Data supplied »
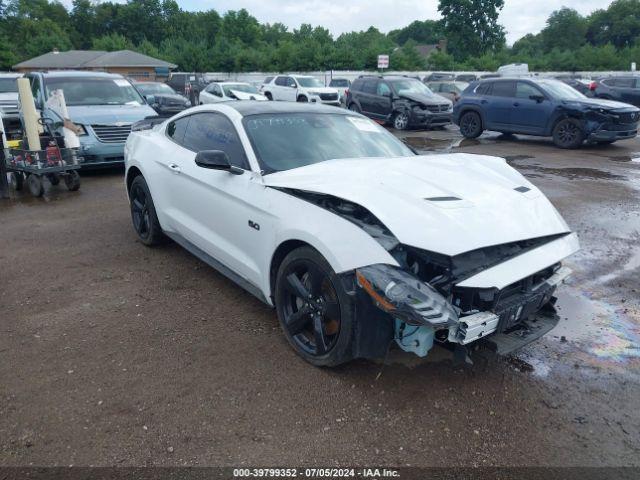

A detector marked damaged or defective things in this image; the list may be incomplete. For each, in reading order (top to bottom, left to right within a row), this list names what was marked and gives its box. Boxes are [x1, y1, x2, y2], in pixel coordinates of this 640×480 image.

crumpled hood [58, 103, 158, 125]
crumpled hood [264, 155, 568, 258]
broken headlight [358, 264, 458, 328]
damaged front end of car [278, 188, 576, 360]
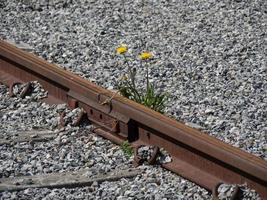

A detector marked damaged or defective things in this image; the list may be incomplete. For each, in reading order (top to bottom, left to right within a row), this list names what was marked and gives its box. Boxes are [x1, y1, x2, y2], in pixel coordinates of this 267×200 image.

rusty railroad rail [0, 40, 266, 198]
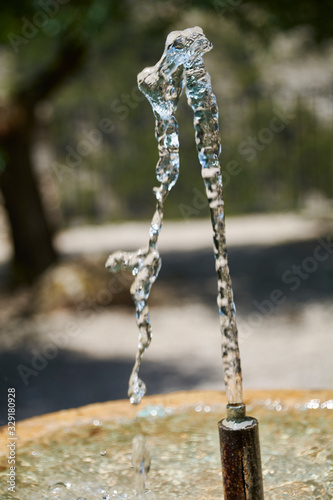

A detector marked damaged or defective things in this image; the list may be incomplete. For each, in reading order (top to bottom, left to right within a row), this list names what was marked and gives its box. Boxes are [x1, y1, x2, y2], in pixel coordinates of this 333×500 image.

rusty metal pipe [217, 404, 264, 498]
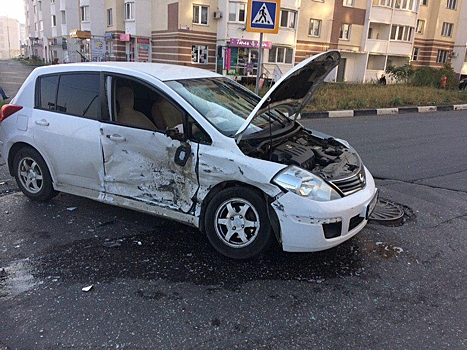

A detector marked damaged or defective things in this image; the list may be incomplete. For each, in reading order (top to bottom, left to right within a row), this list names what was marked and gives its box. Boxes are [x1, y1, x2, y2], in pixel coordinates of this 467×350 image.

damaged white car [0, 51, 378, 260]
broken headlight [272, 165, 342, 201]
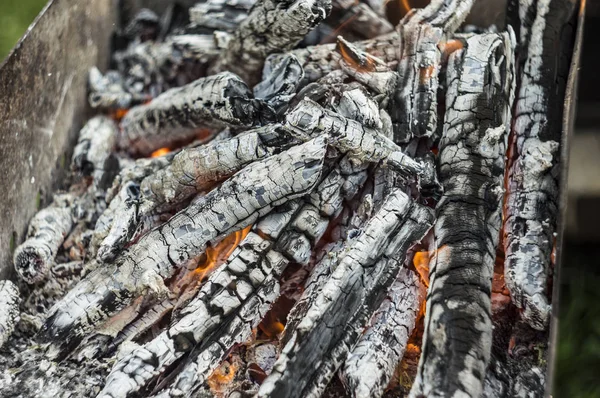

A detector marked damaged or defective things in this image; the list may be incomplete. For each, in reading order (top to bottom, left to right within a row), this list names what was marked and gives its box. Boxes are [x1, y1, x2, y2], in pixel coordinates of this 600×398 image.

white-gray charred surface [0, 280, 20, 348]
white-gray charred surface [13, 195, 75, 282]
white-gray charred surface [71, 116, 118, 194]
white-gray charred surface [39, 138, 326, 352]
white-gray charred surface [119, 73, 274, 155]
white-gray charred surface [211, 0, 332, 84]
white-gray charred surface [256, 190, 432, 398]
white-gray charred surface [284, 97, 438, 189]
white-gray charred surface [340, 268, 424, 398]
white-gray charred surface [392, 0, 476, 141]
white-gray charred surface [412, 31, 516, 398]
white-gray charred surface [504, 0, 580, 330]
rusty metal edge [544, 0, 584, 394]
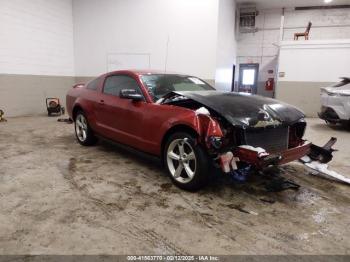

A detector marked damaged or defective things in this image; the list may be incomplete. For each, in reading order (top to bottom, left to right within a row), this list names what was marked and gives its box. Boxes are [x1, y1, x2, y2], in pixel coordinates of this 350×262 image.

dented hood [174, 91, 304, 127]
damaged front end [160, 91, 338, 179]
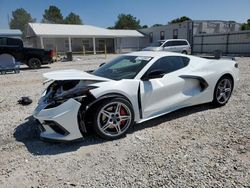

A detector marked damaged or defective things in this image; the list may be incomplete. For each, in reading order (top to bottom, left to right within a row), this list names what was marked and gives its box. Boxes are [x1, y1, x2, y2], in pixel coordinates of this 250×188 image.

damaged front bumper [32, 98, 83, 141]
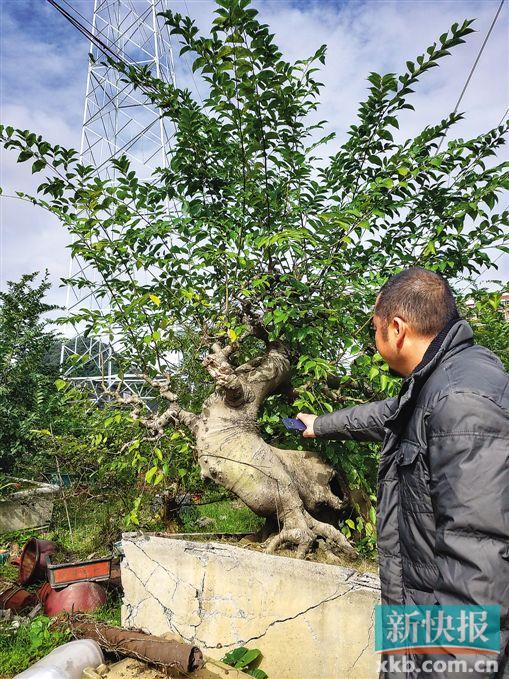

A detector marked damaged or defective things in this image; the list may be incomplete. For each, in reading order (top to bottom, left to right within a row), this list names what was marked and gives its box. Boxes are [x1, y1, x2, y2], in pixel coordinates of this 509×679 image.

---

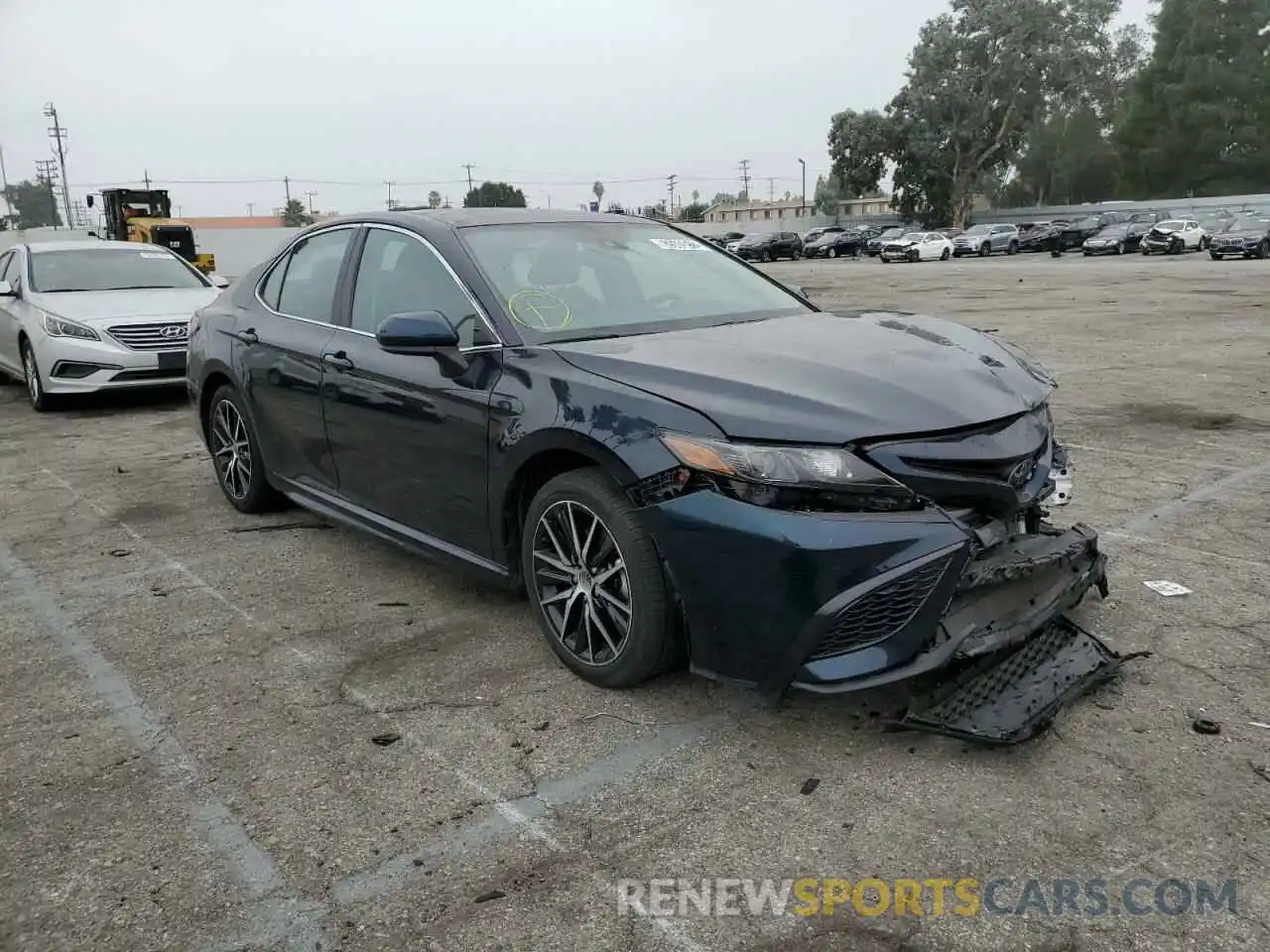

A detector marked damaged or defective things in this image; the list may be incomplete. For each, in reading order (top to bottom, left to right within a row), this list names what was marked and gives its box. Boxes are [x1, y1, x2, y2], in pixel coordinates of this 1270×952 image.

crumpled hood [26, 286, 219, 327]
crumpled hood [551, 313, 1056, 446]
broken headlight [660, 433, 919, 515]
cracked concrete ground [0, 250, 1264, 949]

---

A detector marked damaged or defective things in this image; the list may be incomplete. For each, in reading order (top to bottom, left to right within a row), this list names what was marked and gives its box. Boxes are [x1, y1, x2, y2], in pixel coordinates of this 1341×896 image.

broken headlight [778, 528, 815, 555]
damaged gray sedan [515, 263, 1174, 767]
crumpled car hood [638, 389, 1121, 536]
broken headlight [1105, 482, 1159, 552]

Assignment » Reproduce the data above exactly, but only the lines from the one showing "this 250×188 image." through the one showing "this 509×679 image.", with both ends kept and the pictures left out.

Result of the task »
A detector marked damaged or defective things in this image; the list may be incomplete. For each, in reading order (top to bottom, left to right within a row), this list names what was marked and gives its box. Boxes are [x1, y1, x2, y2], in pixel coordinates of this 250×188 image.

damaged front bumper [32, 98, 83, 141]

A detector marked damaged or defective things in this image; the list may be incomplete. For each, in reading order (top to bottom, left to right within a row), this list names what was marked and gives its box. Boxes are [x1, y1, x2, y2], in pixel coordinates of this 509×679 image.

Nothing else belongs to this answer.